Example: Johnny decides to buy a new home in Chula Vista, California for $800,000. He manages to round up down payment money of $80,000 and borrows the rest ($720,000) to purchase his new home. That works out to a ratio of about 10% equity / 90% debt from the get go. He is in effect 10-1 leveraged. In other words - for everyone 1% increase in the price of home, he will make 10% on his investment (remember - he has only "invested" the 80K). How is this possible you may ask? (note: this simple example assumes no transaction costs or maintenace costs (re: pmi, property taxes, commissions, etc.)

Well......let's think about it - and assume that his home price rises 10% to $880,000. At that point he has still only invested $80,000, however his total home equity has increased to $160,000 ( original investment (80K) + home price increase (80K) OR asset price (880K ) - total debt (720K)).

For a 10% increase in the asset price - he has made a 100% return on his money - as he is "leveraged 10-1." Of course this math can work in reverse.

The additional important note to make about leverage is that derivatives - of which there are many types - futures, options, etc. - are another financial instrument which enables you to employ high leverage. When I refer to being "leveraged 30-1" in a particular trade - I am definitely referring to owning options contracts as I do not trade on margin at present. This should raise the red flag to two things - 1) volatility can wipe Ben out if he is that leveraged , 2) Ben can make or lose a lot of money very quickly.

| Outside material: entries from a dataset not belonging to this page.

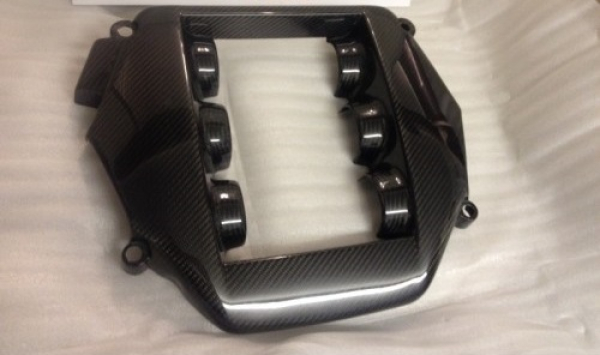 OEM Voll-Carbon Motorabdeckung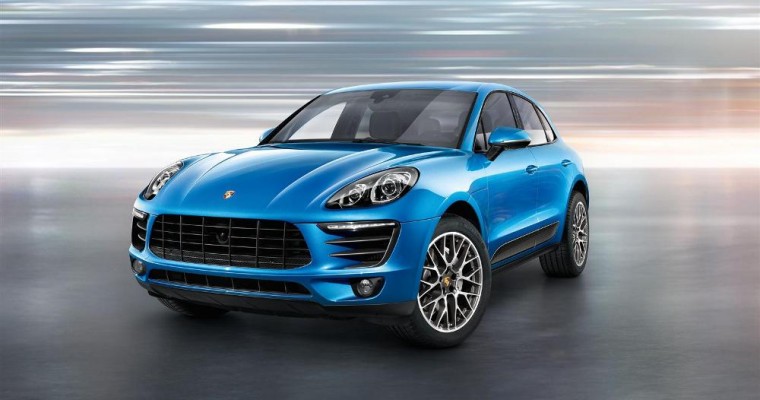 2016 Porsche Macan Overview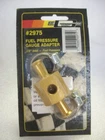 New Fuel Pressure Gauge Adapter. Price: $29.95.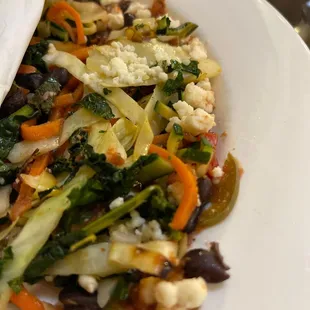 Stir fry like veggies, bland af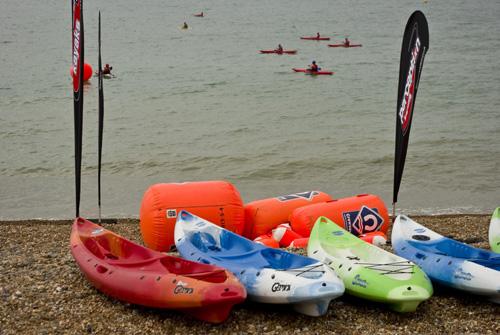 An annual charity beach festival raised thousands of pounds on July 4 and 5.
Hove Lawns was given over to the Paddle Round the Pier event on Saturday and Sunday.
Picture by Vicky Hart.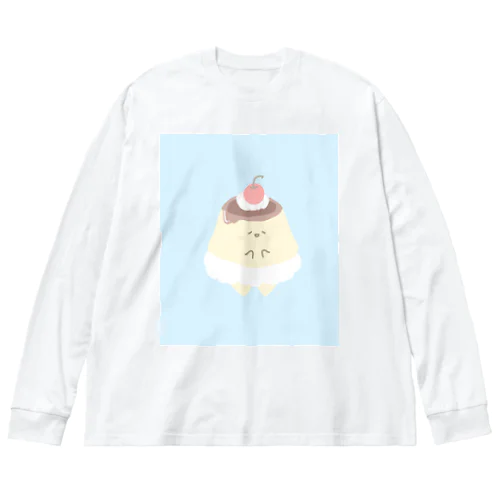 プリンのプリーツちゃん Big Long Sleeve T-Shirt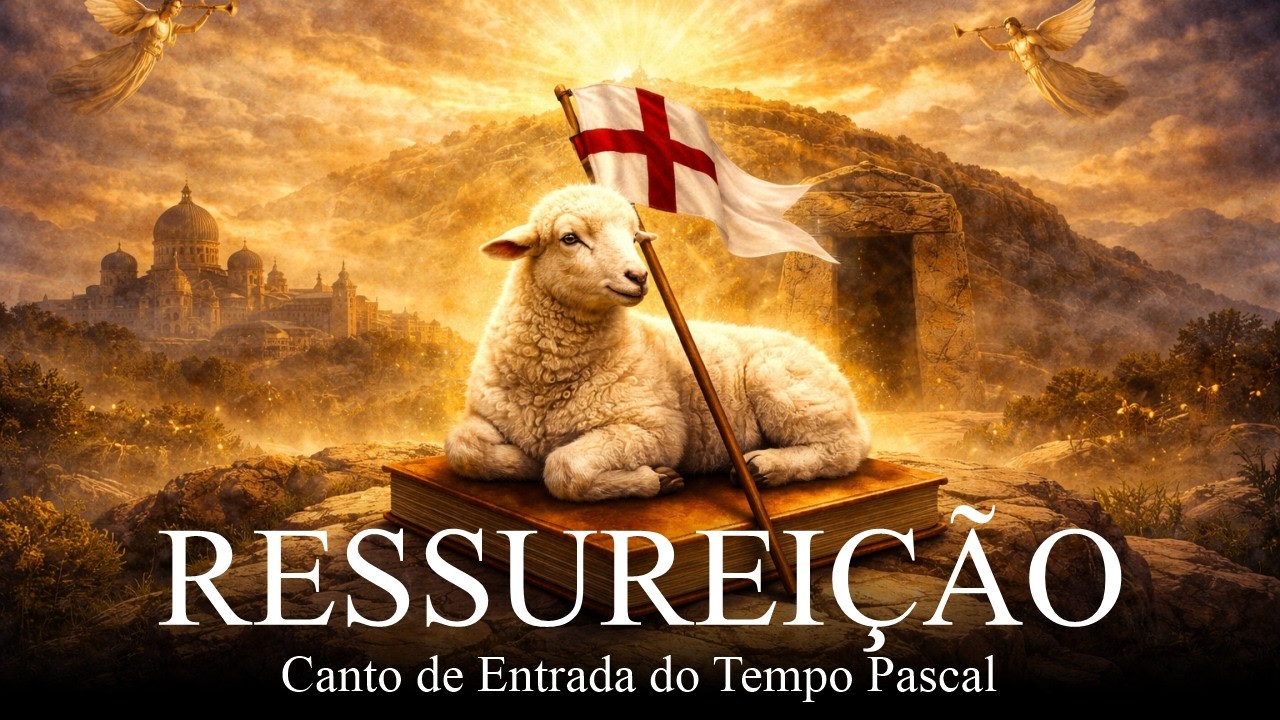 RESSUREIÇÃO - Canto de Entrada do Tempo Pascal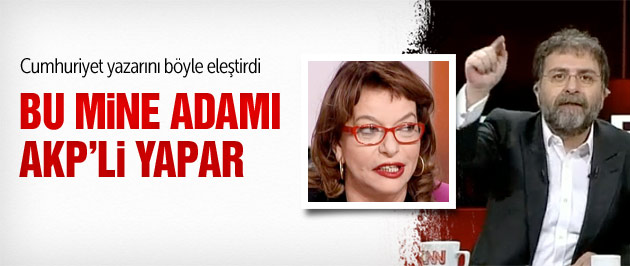 Bu Mine adamı AKP'li yapar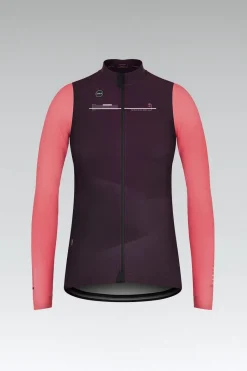 Vestes<GOBIK VESTE THERMIQUE SKIMO PRO FEMME TENDER ROSE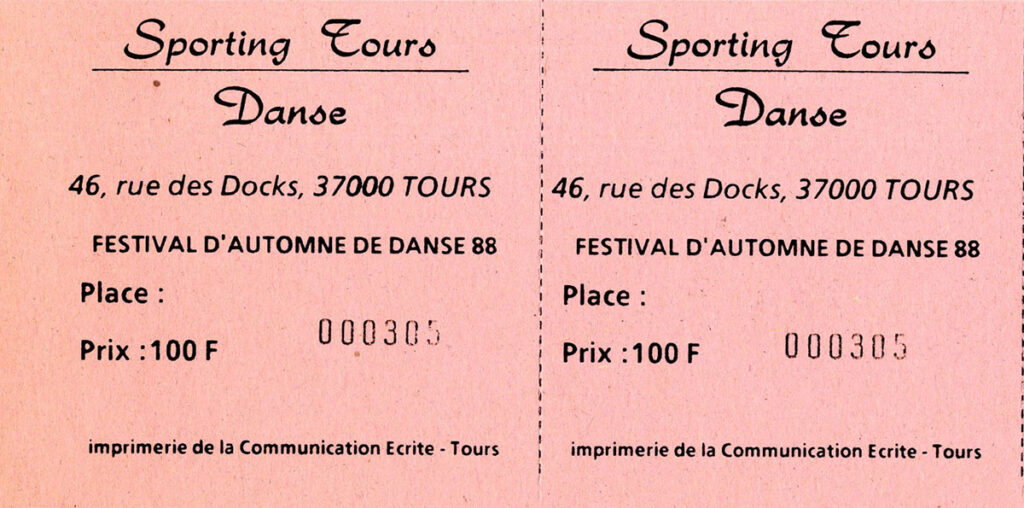 1988.10.01-Sporting-Tours-1904TI02-1024x508 "Festival d'automne de danse" (01/10/88)
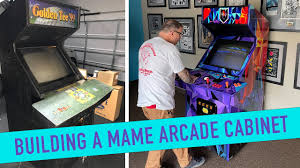 how we built an its mame arcade cabinet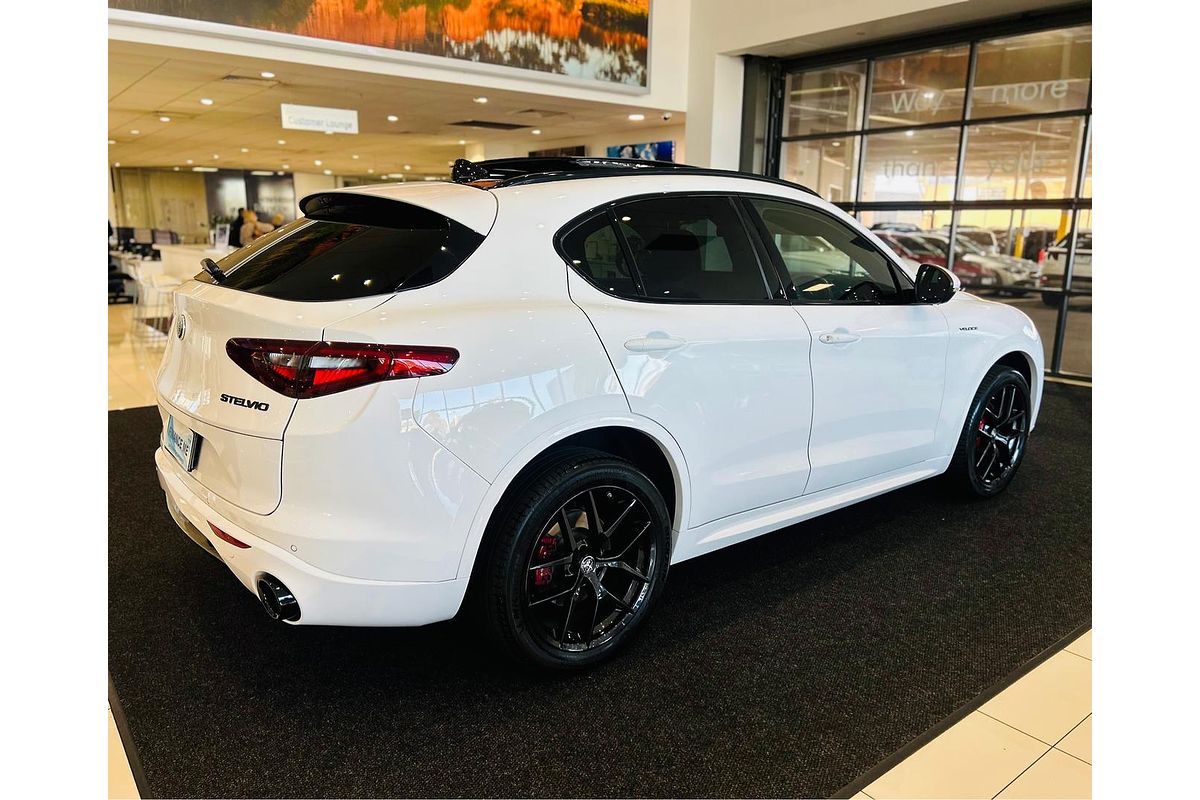 2021 Alfa Romeo Stelvio Veloce Series 2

In the current trade that I have on in Newmont Mines - the underlying asset was the stock (NEM), and my investment mechanism is the call option - September $37.50 calls. I purchased these calls at $2.20 (10 contracts - with each contract controlling 100 shares = 100*$2.20*10).

The leverage I obtained was not 30-1 on closer reflection - it is actually approximately - 18-1. How did I get that number? I took the price of the stock when I purchased my options - $39.50 and divided it by my purchase price of the option. There are many other ways to conceptualize the idea. Another one way would be to think of it as - as I currently control $40,000 worth of stock with around a $2200 investment. Just as if I owned that stock outright - if its price increases by 10% to $44,000 - I will capture that $4,000 gain with my investment to have $6,200 - so that in effect I have made a 180% return on my investment with a 10% rise in the stock price.

I have seen opportunities to be leveraged as high as 100 or 200-1 just as I have seen more moderate opportunities of 2 or 3-1. The important point of leverage is not that it is a solution which will make you money. All leverage is telling you depending on how you evaluate risk - is that you could potentially risk a smaller portion of your total capital in order to produce the same return as if you had invested all of your money. In order to achieve that benefit you amplify your margin for error however. Additionally - if your idea for the investment was not good in the first place - you will not make any money just because you have leveraged yourself - in fact - you will lose money faster as the stock price decreases.

That is it for today I think - maybe tonight or tomorrow I will follow up with my special report on how we can invest in Warcraft but now the legal books are calling my name and I have to get to work. Have a fantastic weekend and let's make some money together.